So, you may be at the stage where you are considering a Self Invested Personal Pension (SIPP), and are now looking for that ‘deal clincher’. For some, one of the key draws to opening a SIPP is the tax benefits that it provides.
One of the major SIPP tax benefits is Government contributions. This simply means that anything you pay into your SIPP should be net of basic rate tax. Assuming you pay £800 into your SIPP, the government then contributes £200, so £1,000 is eligible in your SIPP.
But the good news doesn’t stop there, being a higher rate tax payer can also provide increased tax relief via self assessment. Continuing the above example, it is possible to claim £200 more back, which would mean your £1000 SIPP would have just cost £600.
Another key SIPP tax benefit is that as and when your money is invested in a SIPP, it can also grow free of Income Tax as well as Capital Gains Tax.
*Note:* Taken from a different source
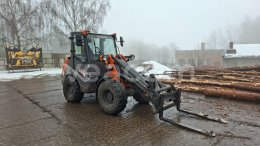 Online aukce: HITACHI  ZW95-6C 4X4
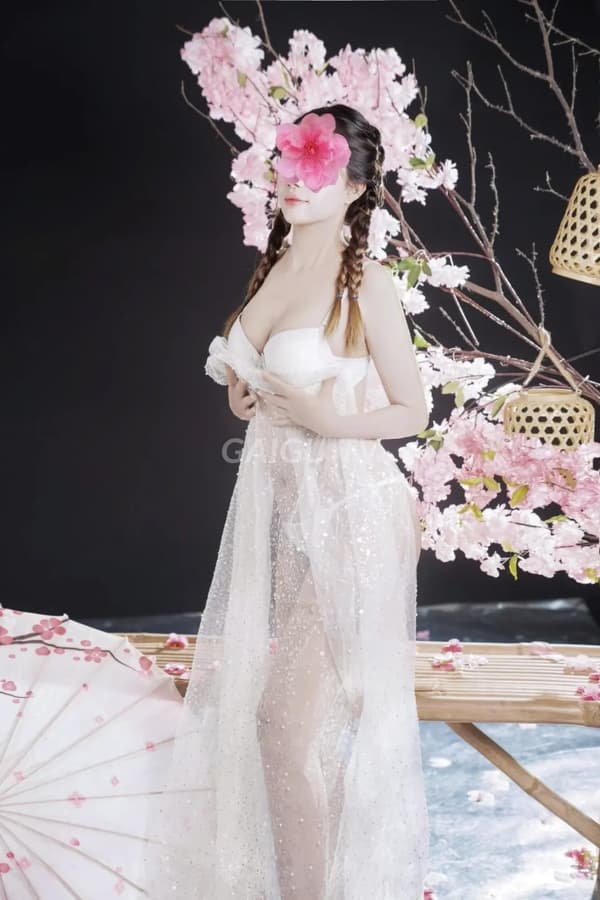 Kim Như xinh dễ thương chiều khách hết mình 11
SIPP Tax Benefits – Key points
- Government automatically adds basic tax relief rate of 20%.
- Higher rate tax payers could claim back a further 20% or even 30% tax relief depending on whether you pay a 40% or 50% tax rate.
- Investments in a SIPP can grow free Income tax as well as UK Capital gains tax.
- As and when you turn 55, you are eligible to take a 25% lump sum completely tax free.